What is it like to have a presidential election visit be an anomaly? What is it like to have the parties decide not to waste advertising dollars in your markets in the last month of the race because everyone knows what the outcome is going to be?
But then my friend summed it up.
“There are plus sides to not having my vote count at all.”
That’s the trade-off. No one makes a case to the voters in party strongholds such as Arkansas and Hawaii. Sure, there might be brief stops in Idaho and Vermont, but not an all-out push to change hearts and minds. People care about Iowa and New Hampshire in the primaries; by the conventions, they are all but forgotten.
In Pennsylvania, every vote counts. Not in the Schoolhouse Rock kind of after-school special way. Yes, every vote counts in every election every year. But, when it comes to electoral math, it’s easy to be discouraged if you aren’t in one of the seven states where the tallies are going to make all the difference.
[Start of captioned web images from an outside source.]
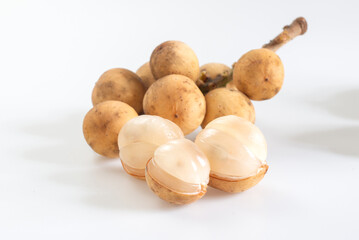 Long gong fruit or lansium parasiticum isolated on white background. Lansium domesticum raw fresh...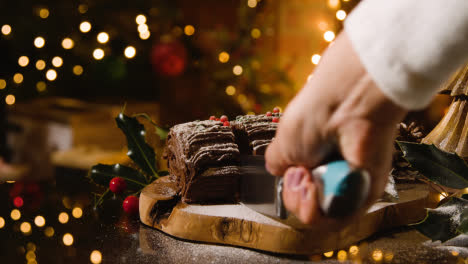 Christmas-Food-At-Home-And-Slice-Being-Cut-From-Traditional-Yule-Log-Dusted-With-Icing-Sugar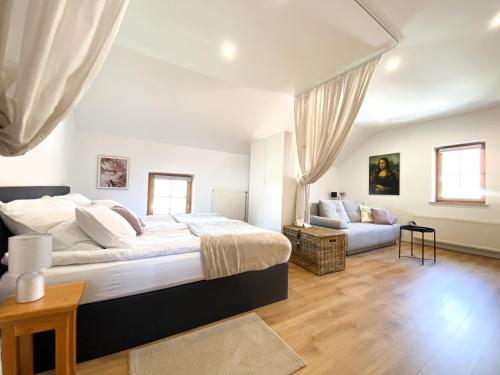 1 dormitorio con 1 cama grande y 1 sofá en Fado Apartments Gornja Radgona, en Gornja Radgona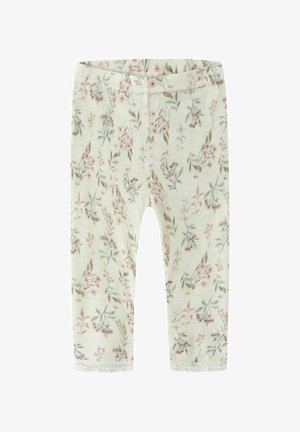 Leggings pour bébé de couleur crème avec imprimé floral rose et vert et bordure en dentelle aux chevilles.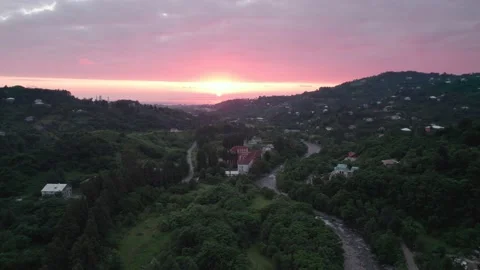 Aerial view on pink sunset in mountain village Stock Footage 213683404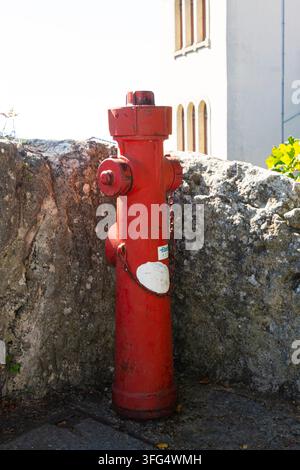 République de Saint-Marin, 7 septembre 2026. Un robinet d'incendie rouge vif se dresse de manière proéminente devant un mur de pierre rugueux. En arrière-plan, un bâtiment blanc Banque D'Images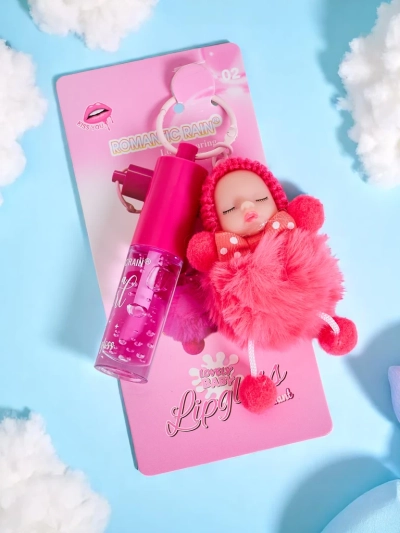 Gloss à lèvres pour enfants avec une poupée Fuchsia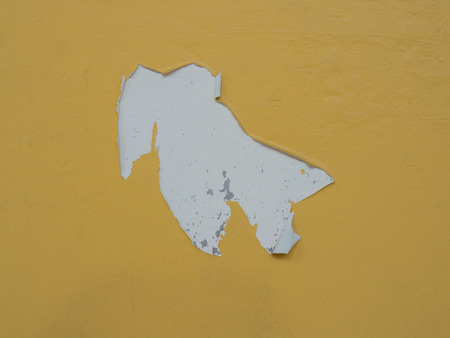 Peeling paint on a  concrete surface with yellow colorの写真素材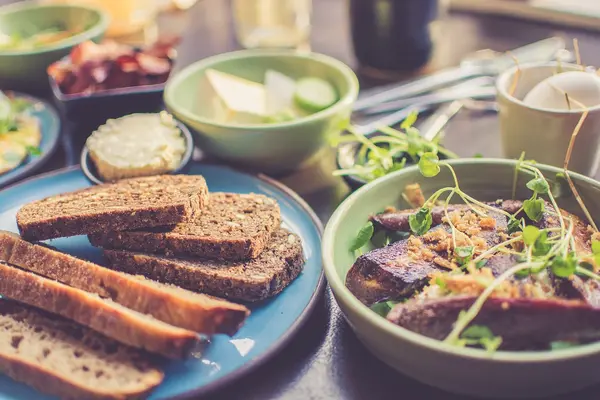 Mehrere Teller mit Brot und anderen Ballaststoff-reichen Lebensmitteln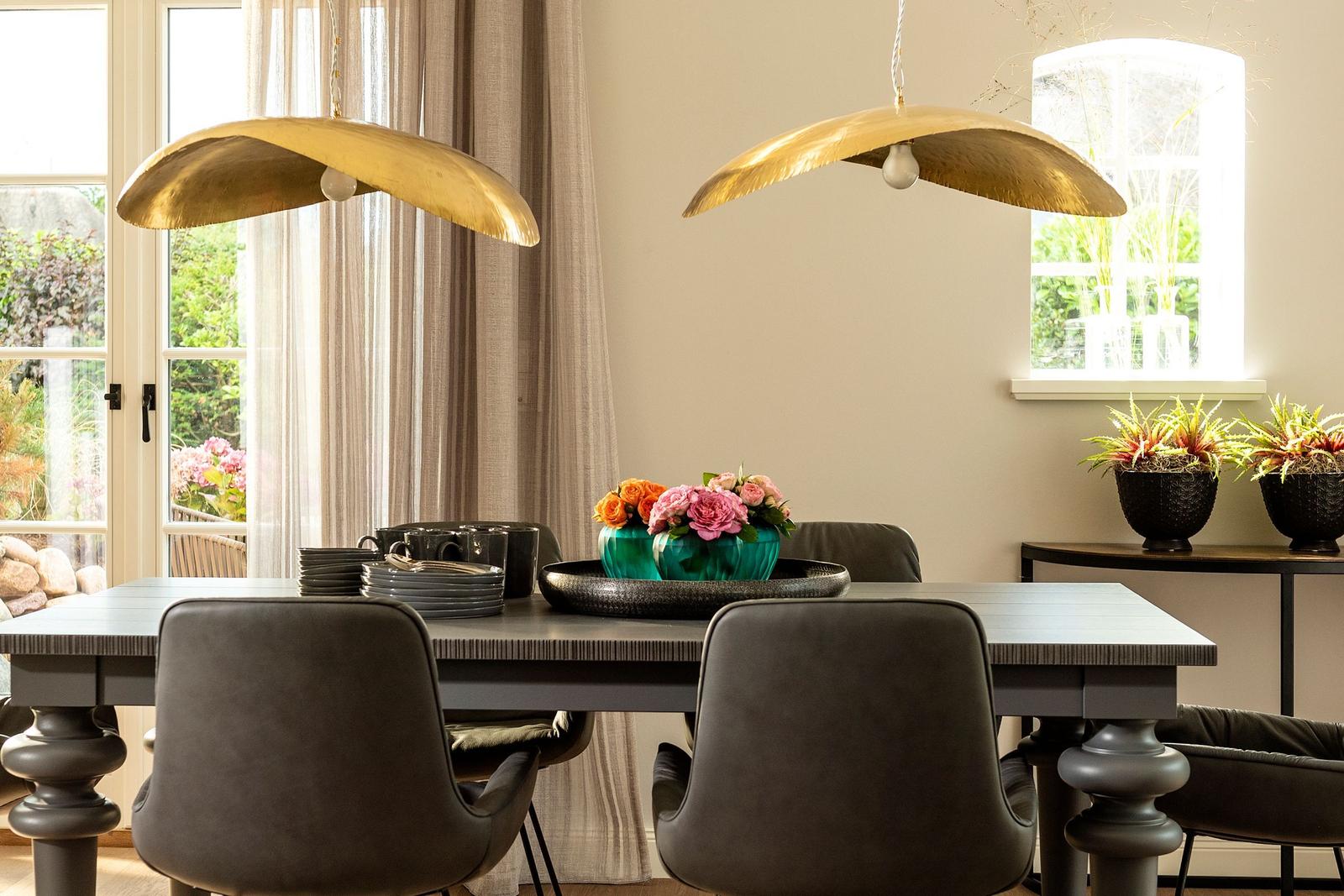 Esstisch mit Stühlen, goldenen Lampen und Blumenarrangement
And, as more than one pundit has pointed out, the electoral Holy Grail is the Keystone State.
That’s why the candidates and their surrogates are here. It’s why the ad money is keeping us drowning in messaging on TV and streaming services and radio. It’s everywhere, and we have another month of this to go.
This is the price we pay for being the voters likely to make the final call on Election Day. We actually are that important.
But it’s still exhausting.
Lori Falce is the Tribune-Review community engagement editor and an opinion columnist. For more than 30 years, she has covered Pennsylvania politics, Penn State, crime and communities. She joined the Trib in 2018. She can be reached at lfalce@triblive.com.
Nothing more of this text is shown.